Assume an object is moving along a straight line and a constant force
**F**_{net
}= m**a** is acting on the object. Then W_{net} = m**a·d**. The work is
proportional to the acceleration **a**. This acceleration causes a
change in speed, **a**_{ }= (**v**_{f }-
**v**_{i})/∆t.
For translational motion we have

W_{net} = md** **(v_{f }- v_{i})/∆t.

The distance traveled is the average speed times ∆t,

d = ∆t (v_{f }+ v_{i})/2.

Therefore

W_{net} = m(v_{f }- v_{i})(v_{f }+ v_{i})/2 = ½m(v_{f}^{2
}- v_{i}^{2}).

We can express the net work done on the object in terms of the change in the
quantity ½mv^{2}. We define the (translational)** kinetic energy** of the object as K = ½mv^{2}.
The net work done on the object is equal to the change in the kinetic energy of
the object.

W_{net }= K_{f }- K_{i }=
½m(v_{f}^{2}- v_{i}^{2}) = ∆K.

This is called the **work-kinetic energy theorem**.

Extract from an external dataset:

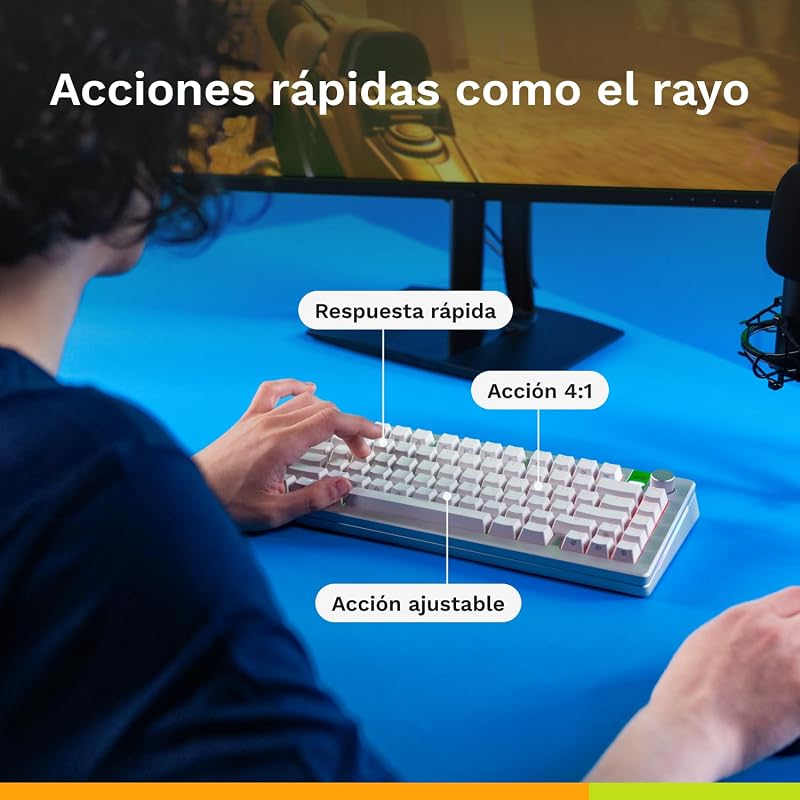 GMMK 3 Pro HE 75% Barebones ANSI Modular Keyboard Case (Prata)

Assume that together with your partner you want to win a soapbox race. You are allowed to push the cart with your partner in it for a distance of 5 m to give it some initial speed. You are pushing as hard as you can. You do work on the cart. The work you do is the average force you exert times the distance the cart moves in the direction of the force, W = F*(5 m). You transfer energy to the cart. The cart gains kinetic energy.

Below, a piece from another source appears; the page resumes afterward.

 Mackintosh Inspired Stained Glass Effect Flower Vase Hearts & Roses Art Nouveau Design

Kinetic energy increases with the square of the speed. Neglecting friction, an engine does four times as much work to make a car reach a speed of 60 miles/h as to make it reach a speed of 30 miles/h. When the speed of a car is doubled, its kinetic energy increases by a factor of four.

A 3 kg mass has an initial velocity v_{0 }=
6.325 m/s in the positive x-direction.

(a) What is its kinetic energy at this time?

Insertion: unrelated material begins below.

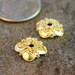 Bali Vermeil Bead Caps, Vermeil 24 Gold Plated Sterling Silver, Bead Caps 3.7 x 13 mm with Wire Ornaments, pkg of 2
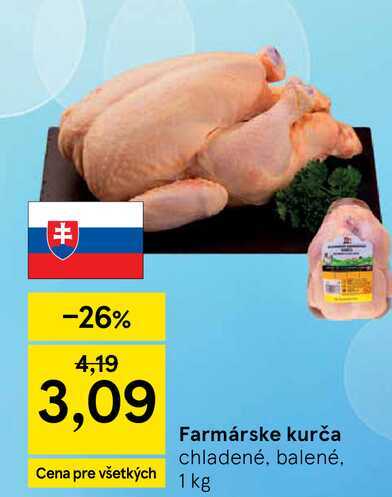 Farmárske kurča chladené, balené 1 kg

(b) Find the total work done on the object if its velocity changes to 8.944
m/s in the positive x-direction.

Solution:

(a) K = ½mv^{2}, v^{2 }= 40 (m/s)^{2}, K
= ½(3 kg)40
(m/s)^{2 }= 60 J.

(b) The new kinetic energy is ½(3 kg)(8.944)^{2}(m/s)^{2
}= ½(3 kg)80
(m/s)^{2 }= 120 J.

W = 120 J - 60 J =
60 J.

Find the average force needed to bring a 1000 kg car to rest from a speed of 100 km/h in a distance of 130 m.

Solution:

The net work done on the care is W_{net
}= K_{f }- K_{i
}=
½m(v_{f}^{2
}- v_{i}^{2}) = -½m v_{i}^{2}, since v_{f}
= 0.

v_{i} = (100*10^{3} m)/(3600 s) = 27.78 m/s.

Therefore W_{net
}= -½(1000 kg)(27.78 m/s)^{2} =
-3.86*10^{5} J.

A force acts on the car in a direction opposite its direction of travel to
slow it down in a distance of 130 m.

W_{net} = F_{net}*d = F_{net}* (130 m) = -3.86*10^{5}
J.

F_{net} = -2.97*10^{3} N *(1 lbf)/(4.448 N) = 684 lbf.